TASK PROMPT
Print exactly, and only, the lines from the one containing "COACH®: Accordion Zip Wallet" through the last line of the records below, both included; leave out the pictures.

Short web captions
• • • • • • •

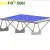 Import SunRack Full Aluminum Alloy Solar Power Carport Mounting System With Two Elegant Wings from China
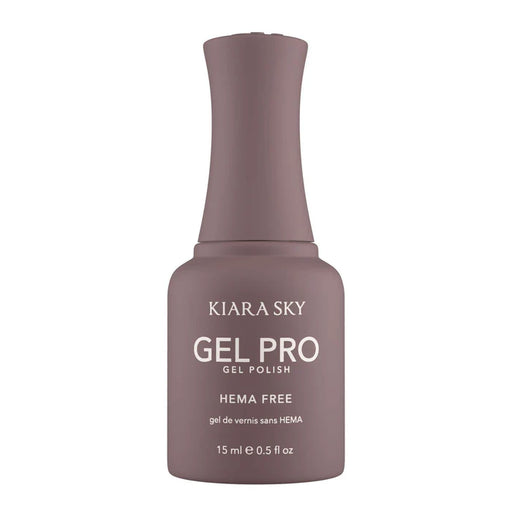 Kiara Sky Gel Pro 0.5oz (HEMA & TPO Free), 150 colors (HFG001–HFG150) Collection - 106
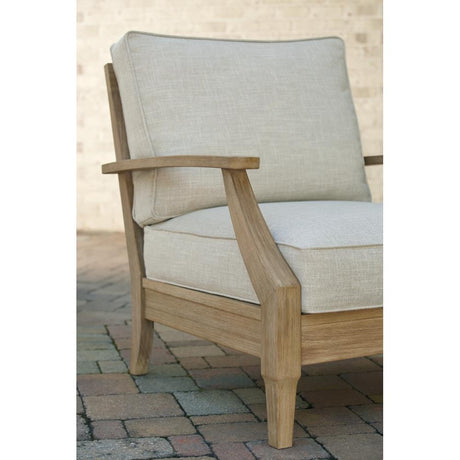  Signature Design by Ashley Clare View P801P9 5 pc Outdoor Seating Set IMAGE 12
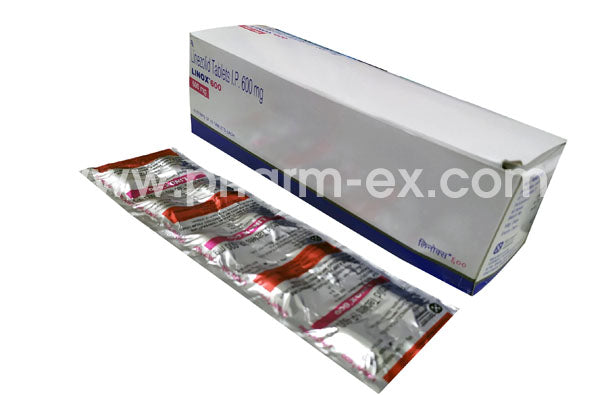 Linox 600mg (100Tab)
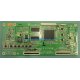T-CON SAMSUNG LTA400W1-L02 WXC4LV3.0 - CODICE A BARRE S00356C
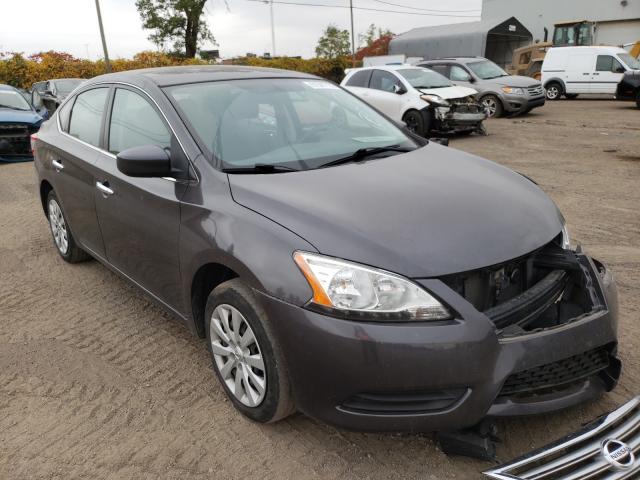 Photo 0 VIN: 3N1AB7AP4FL634395 - NISSAN SENTRA S 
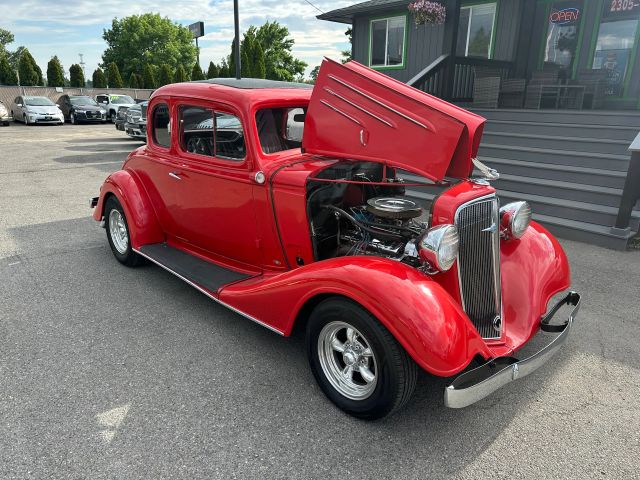 1934 chevrolet coupe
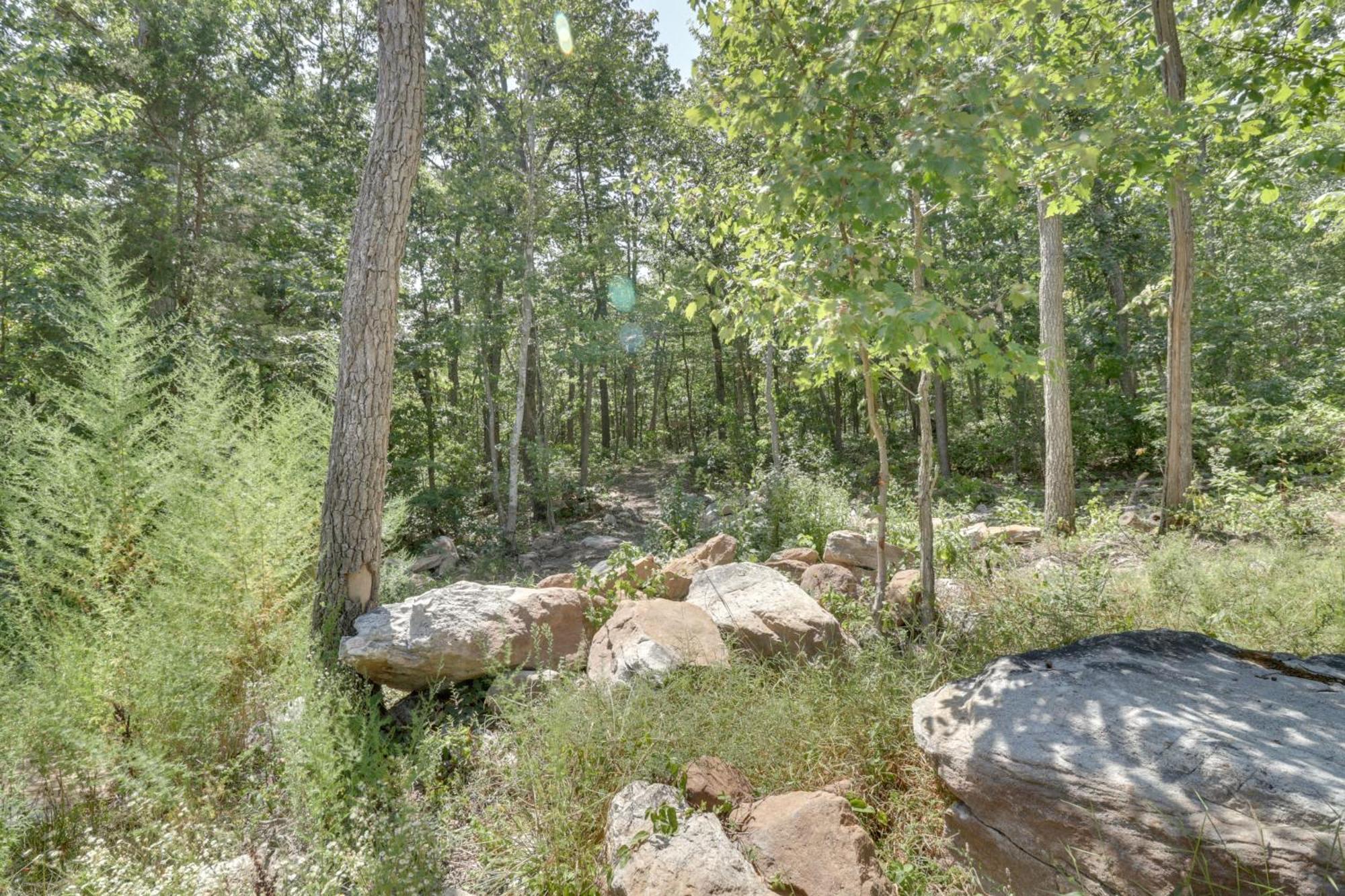 Pet Friendly Garnerland Home With Deck And Porch! Luray Exterior foto
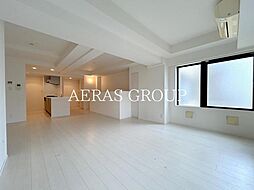 レジディア白金高輪 101 1階2LDKのリビング/ダイニング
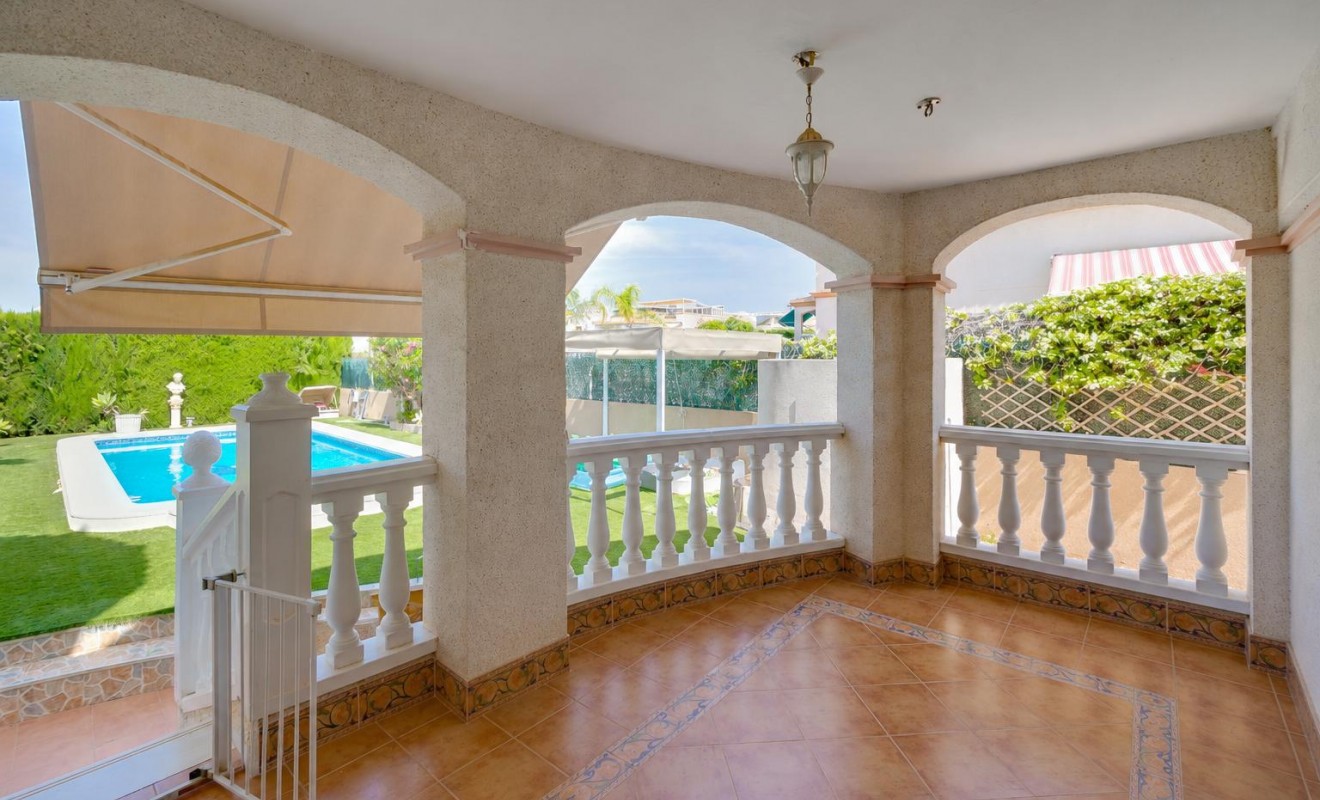 Wederverkoop - Chalet - San Fulgencio - La Marina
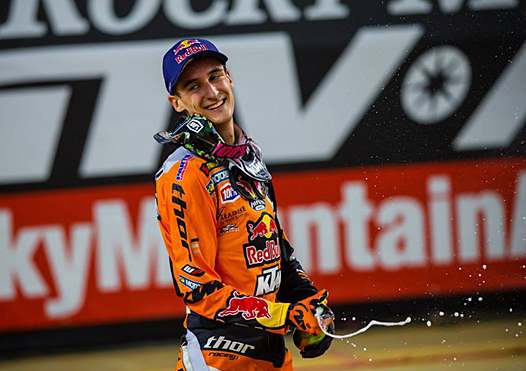 <b>Marvin Musquin – KTM (photo amasupercross.com)</b>
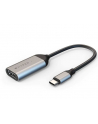 hyperdrive Przejściówka z USB-C na 4K 60Hz HDMI - nr 1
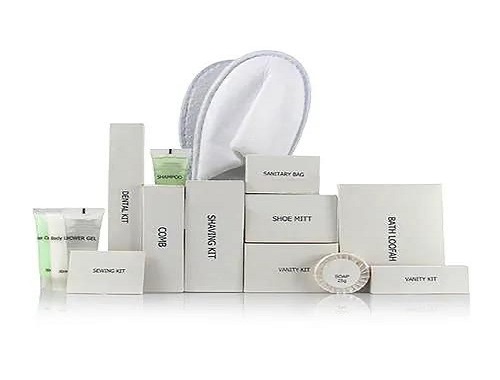 Hotel Amenities Kits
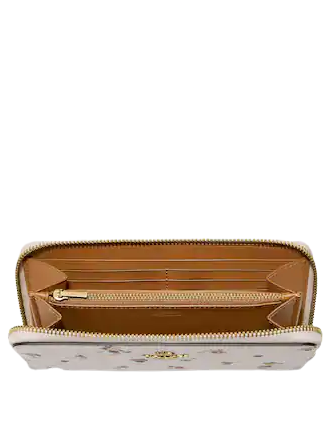 COACH®: Accordion Zip Wallet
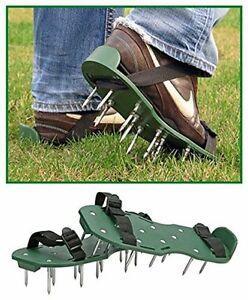 Produktbild Garten Meister Rasenlüfter Schuhe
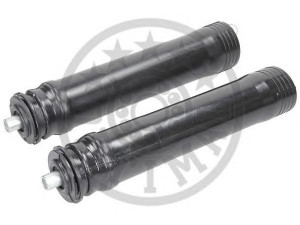 OPTIMAL AK-735300 apsauginio dangtelio komplektas, amortizatorius 
 Ašies montavimas/vairavimo mechanizmas/ratai -> Montavimas, pakabos statramstis
4834128100
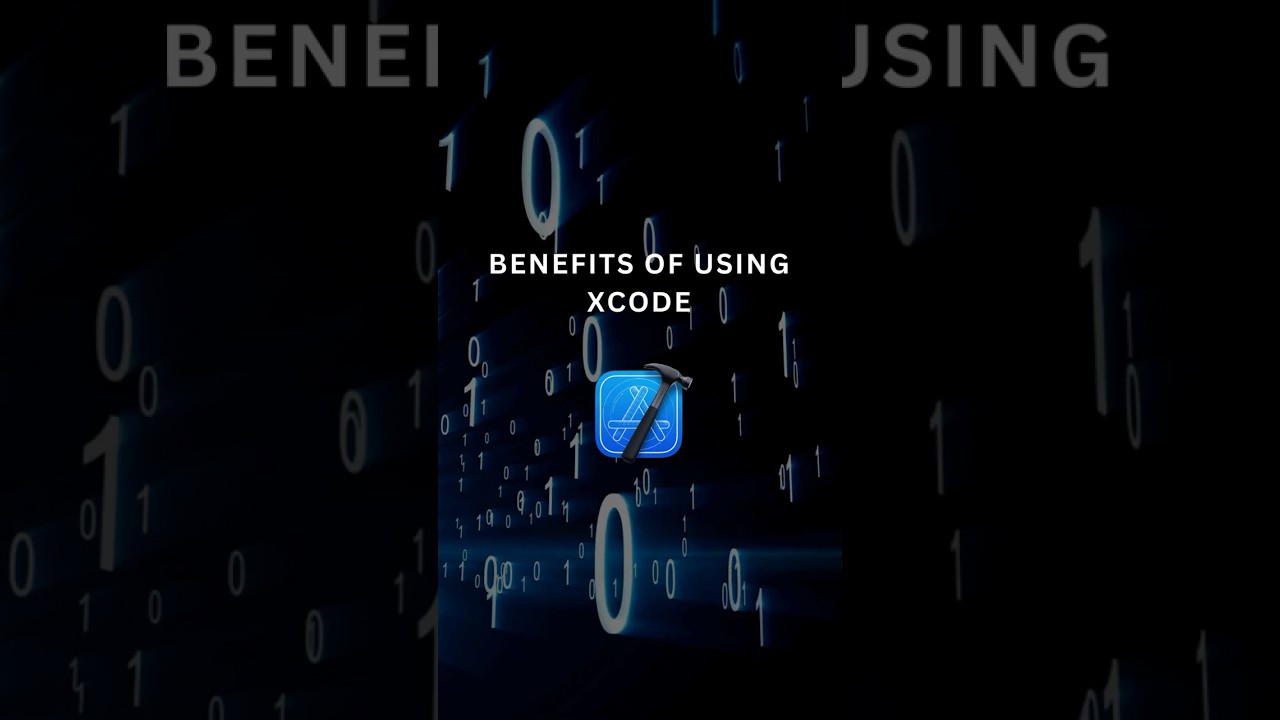 Xcode is the Best IDE (and Here's Why)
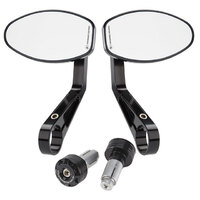 Bar End Mirrors CNC Yamaha MT-01 FZ1 N FZ8 N FZ6 N XJ6N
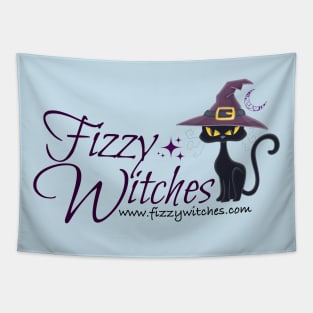 Fizzy Witches Tapestry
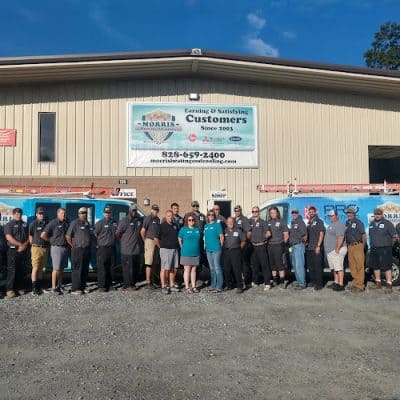 Morris Heating & Cooling LLC
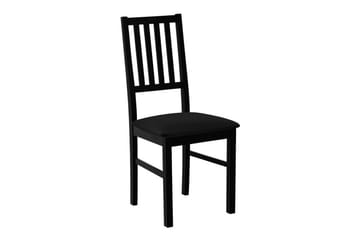 Patrickswell Matstol Black - Products - Möbler - Fåtölj & stolar - Matstol & köksstol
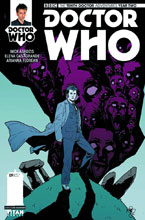 Image: Doctor Who: 10th Doctor - Year Two #9 (cover A - Casagrande) - Titan Comics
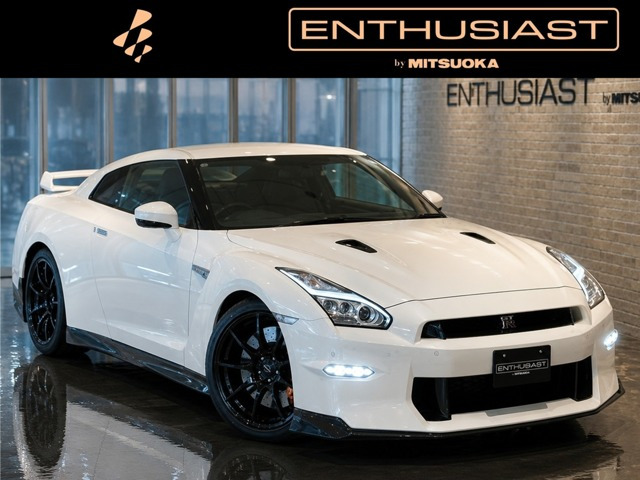 GT-R 3.8 トラックエディション engineered by nismo 4WD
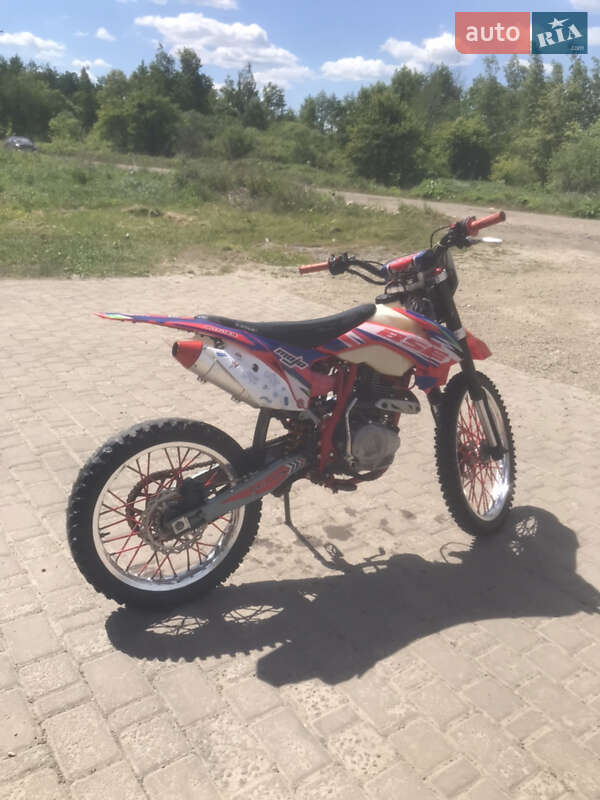 Мотоцикл Кросс BSE S2 2020 в Калуше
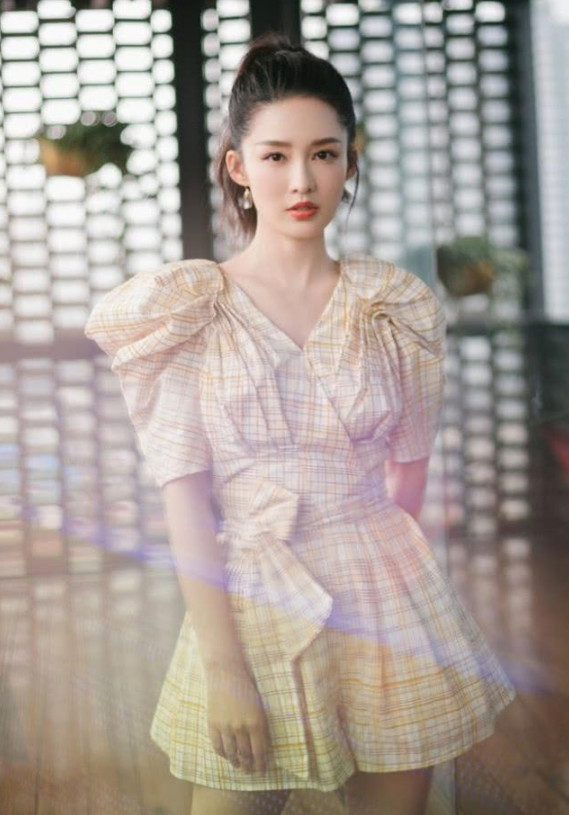 李沁,迷人的天使,亦是惑人的魔鬼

• • • • • • •

COMPLETED EXERCISE
 COACH®: Accordion Zip Wallet
 Produktbild Garten Meister Rasenlüfter Schuhe
 OPTIMAL AK-735300 apsauginio dangtelio komplektas, amortizatorius 
 Ašies montavimas/vairavimo mechanizmas/ratai -> Montavimas, pakabos statramstis
4834128100
 Xcode is the Best IDE (and Here's Why)
 Bar End Mirrors CNC Yamaha MT-01 FZ1 N FZ8 N FZ6 N XJ6N
 Fizzy Witches Tapestry
 Morris Heating & Cooling LLC
 Patrickswell Matstol Black - Products - Möbler - Fåtölj & stolar - Matstol & köksstol
 Image: Doctor Who: 10th Doctor - Year Two #9 (cover A - Casagrande) - Titan Comics
 GT-R 3.8 トラックエディション engineered by nismo 4WD
 Мотоцикл Кросс BSE S2 2020 в Калуше
 李沁,迷人的天使,亦是惑人的魔鬼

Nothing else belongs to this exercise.